On Fri, Feb 19, 2021 at 09:03:44PM -0500, Viktor Dukhovni wrote:
On Fri, Feb 19, 2021 at 06:05:12PM -0700, amindfv--- via Haskell-Cafe wrote:
Does there exist a Haskell library or function for getting grapheme lengths of String/Text values?
Depends on your definition of "grapheme length" :-) If you're OK with counting NFC code points, then the answer is yes, via the "text-icu" package.

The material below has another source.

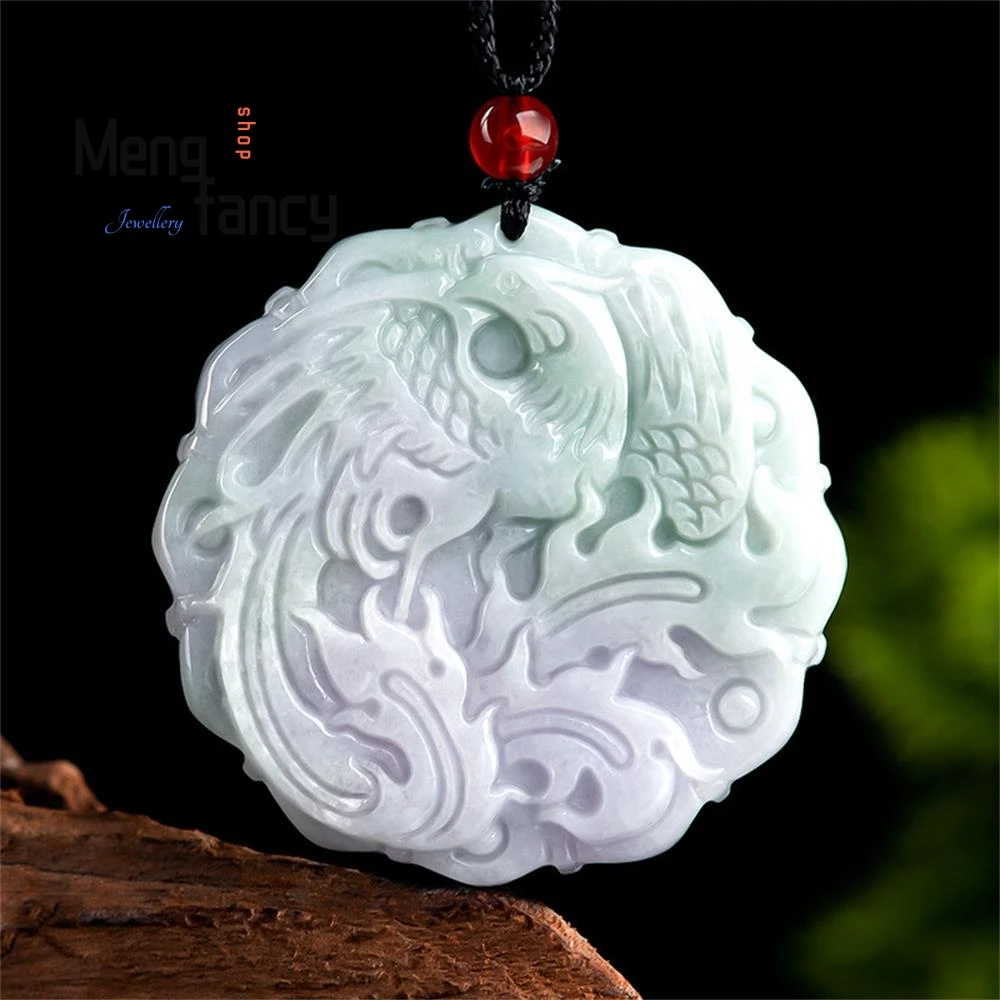 

Natural Myanmar A-goods Jadeite Mandarin Ducks Color Phoenix Jade Pendant Simple Retro Best Selling Handicraft Fashion Jewelry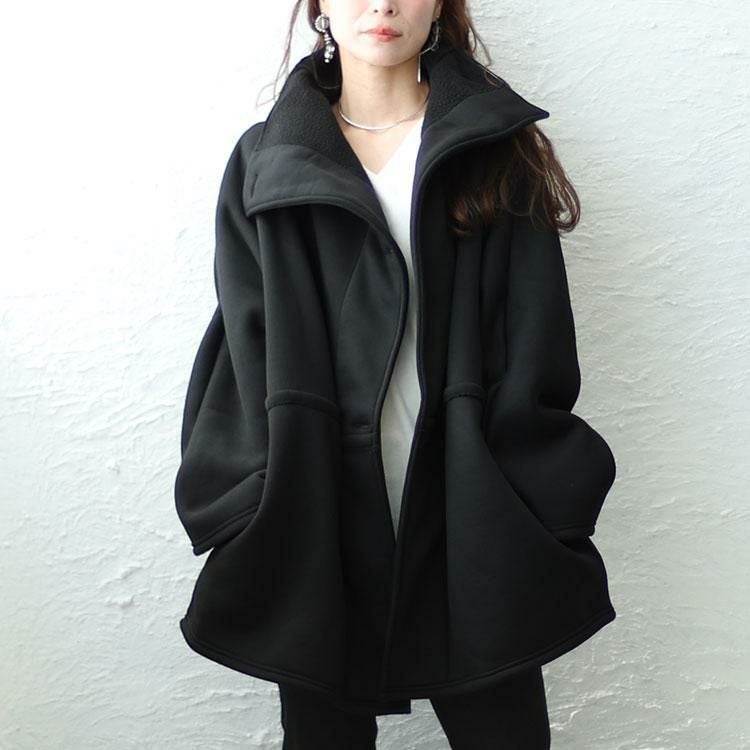 大きいサイズ レディース 裏ボアスタンドカラー軽量ジャケット　sw-0586 ブラック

$ cabal repl -z -v0 \ --repl-options "-package=text-icu" \ --repl-options "-package=text" \ --repl-options -XOverloadedStrings λ> import qualified Data.Text as T λ> import Data.Text.ICU.Normalize λ> length $ T.unpack $ normalize NFC "ä" 1 λ> length $ T.unpack $ normalize NFD "ä" 2 λ> length $ T.unpack $ normalize NFC $ normalize NFD "ä" 1
Thanks. Unfortunately this doesn't work well for graphemes which don't have a 1-code-point equivalent, like: length $ T.unpack $ normalize NFC $ normalize NFD "❤️" == 2
With the "Data.Text.ICU.Char" module, it may be possible to determine grapheme boundaries:
https://hackage.haskell.org/package/text-icu-0.7.0.1/docs/Data-Text-ICU-Char...
I'll look into this and report back. Tom